> **What is required**
What is needed is an exact copy of every entry below, with the pictures left out.

> **Crawled caption data**
-------------------------

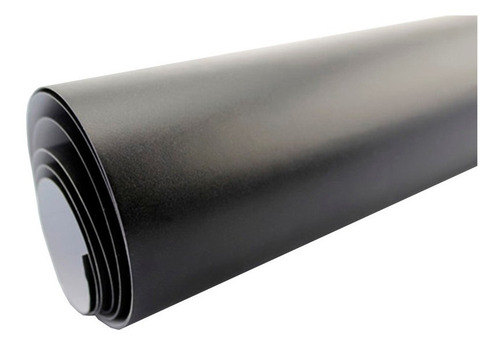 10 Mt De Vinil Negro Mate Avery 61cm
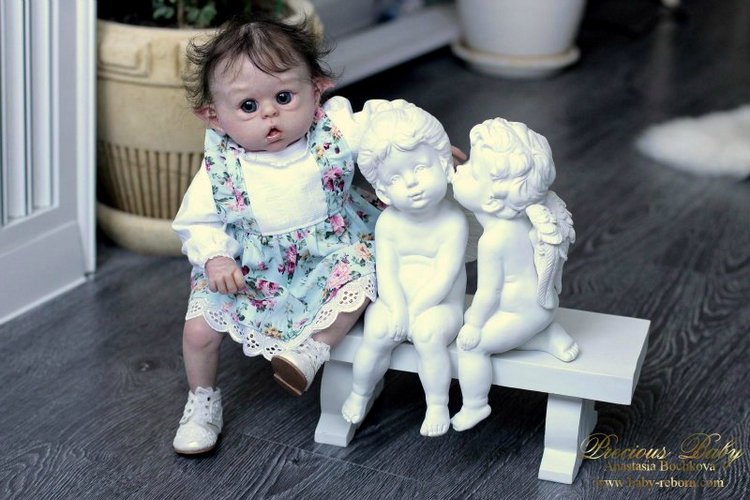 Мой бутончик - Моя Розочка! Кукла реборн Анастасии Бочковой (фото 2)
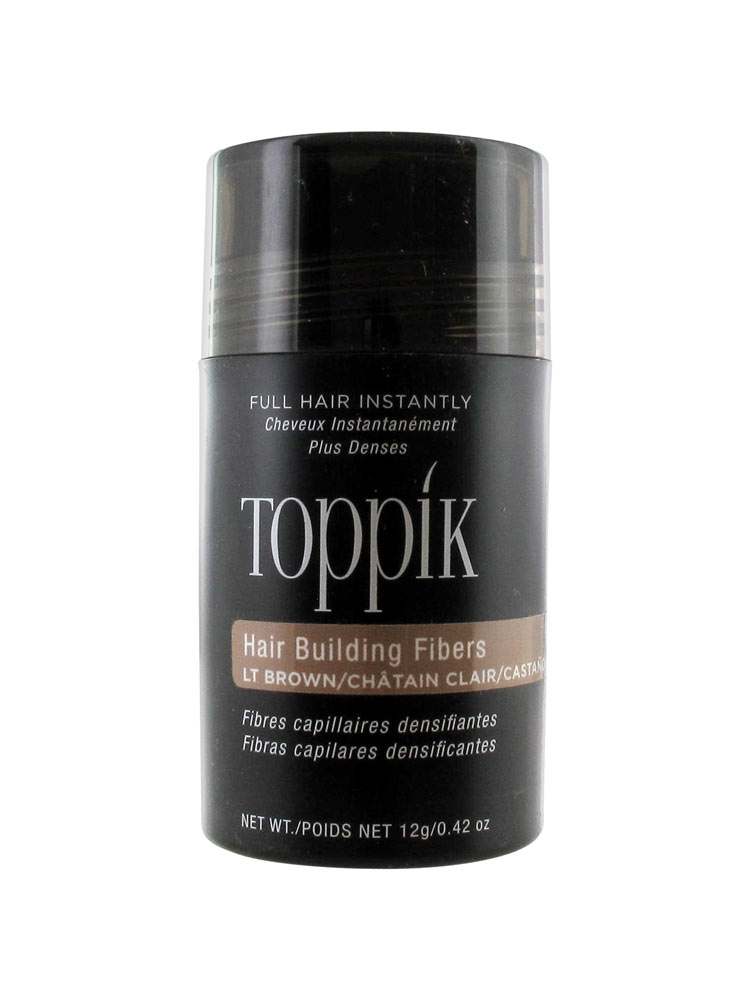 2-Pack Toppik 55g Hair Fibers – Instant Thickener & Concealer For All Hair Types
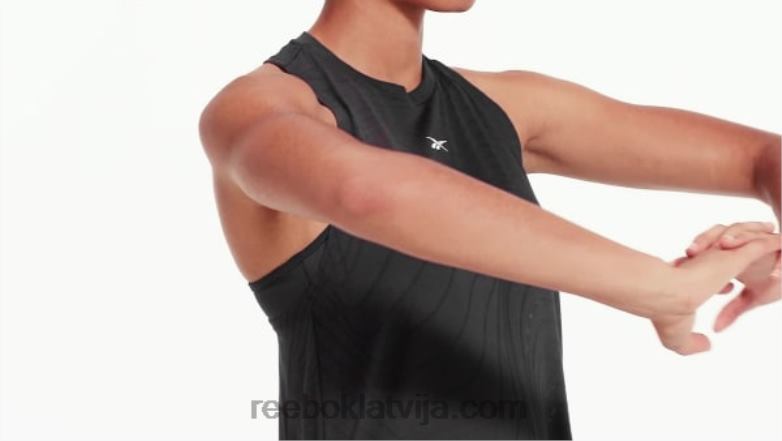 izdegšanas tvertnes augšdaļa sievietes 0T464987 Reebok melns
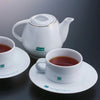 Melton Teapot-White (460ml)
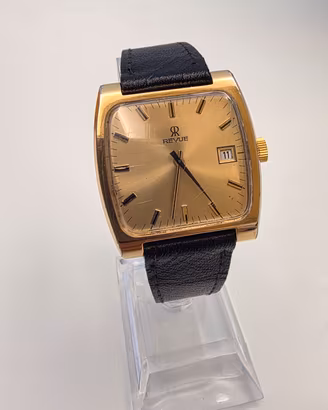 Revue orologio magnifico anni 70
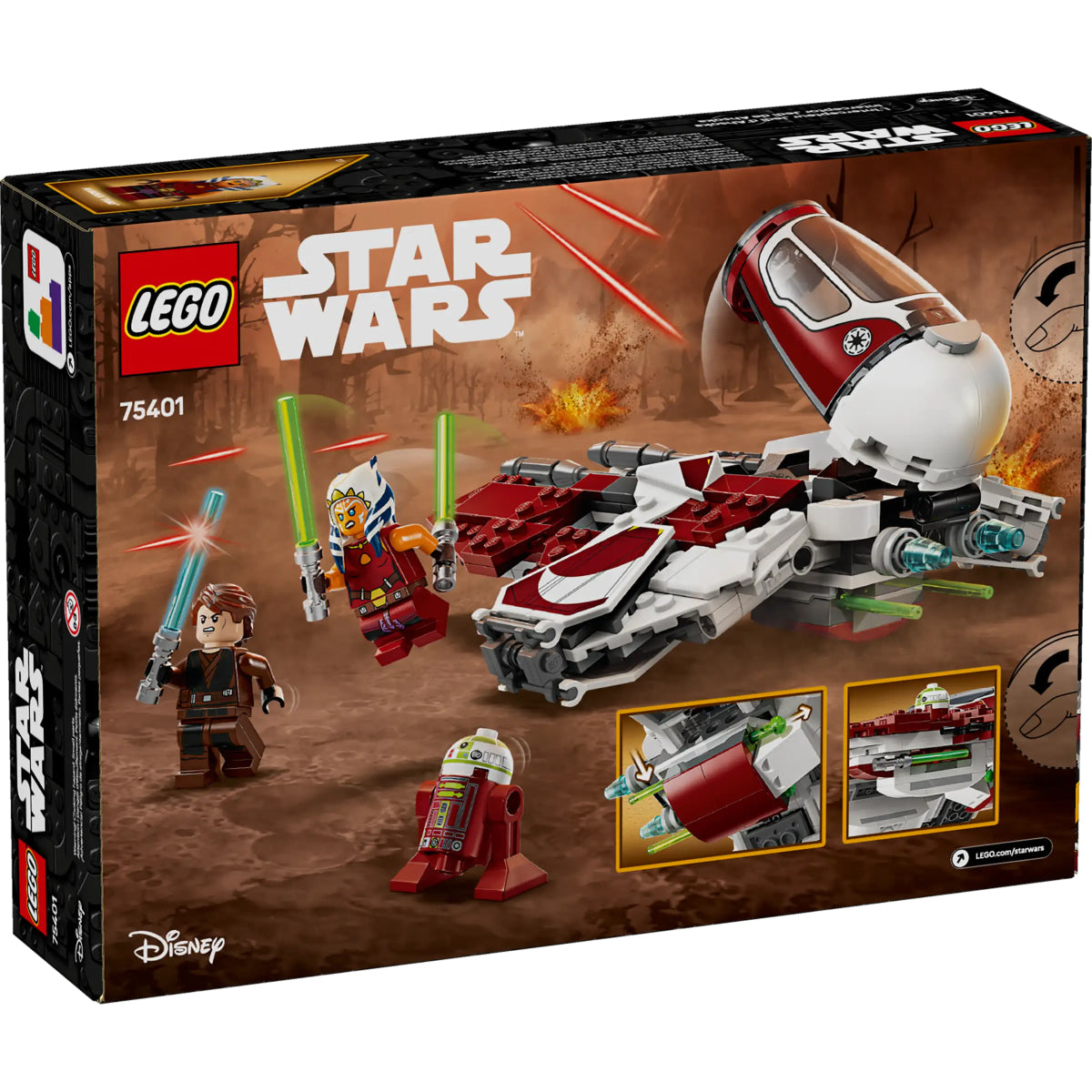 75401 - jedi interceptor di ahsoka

-------------------------

> **Result of the task**
 10 Mt De Vinil Negro Mate Avery 61cm
 Мой бутончик - Моя Розочка! Кукла реборн Анастасии Бочковой (фото 2)
 2-Pack Toppik 55g Hair Fibers – Instant Thickener & Concealer For All Hair Types
 izdegšanas tvertnes augšdaļa sievietes 0T464987 Reebok melns
 Melton Teapot-White (460ml)
 Revue orologio magnifico anni 70
 75401 - jedi interceptor di ahsoka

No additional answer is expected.